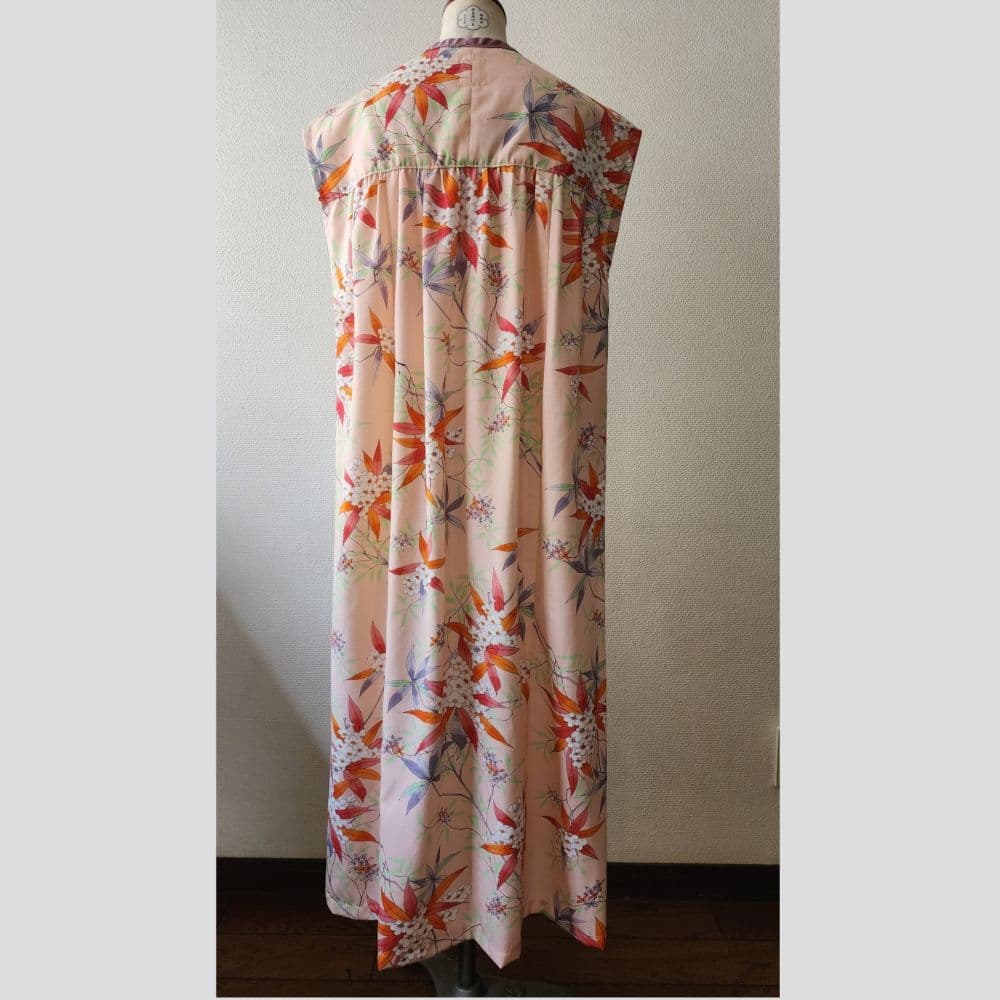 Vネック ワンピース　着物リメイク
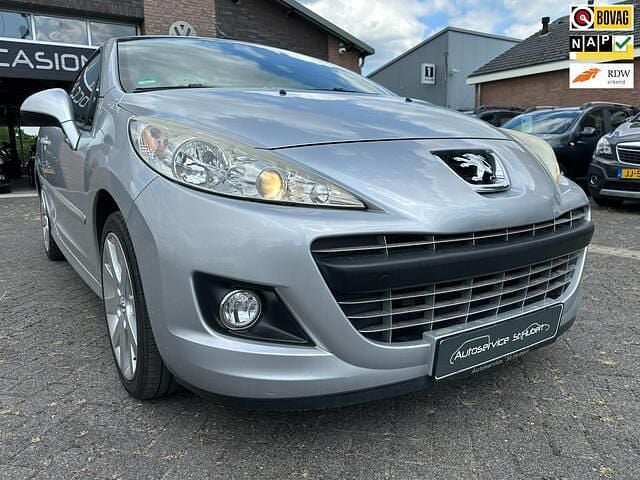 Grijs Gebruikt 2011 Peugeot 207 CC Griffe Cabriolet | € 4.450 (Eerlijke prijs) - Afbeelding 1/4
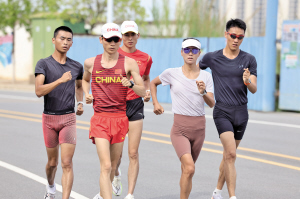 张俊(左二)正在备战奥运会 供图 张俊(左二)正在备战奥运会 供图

::::

## INSTRUCTIONS FOR THE TASK
All of the material above is to be copied exactly, with no pictures.

## ANSWER TO THIS EXERCISE
 Vネック ワンピース　着物リメイク
 Grijs Gebruikt 2011 Peugeot 207 CC Griffe Cabriolet | € 4.450 (Eerlijke prijs) - Afbeelding 1/4
 张俊(左二)正在备战奥运会 供图 张俊(左二)正在备战奥运会 供图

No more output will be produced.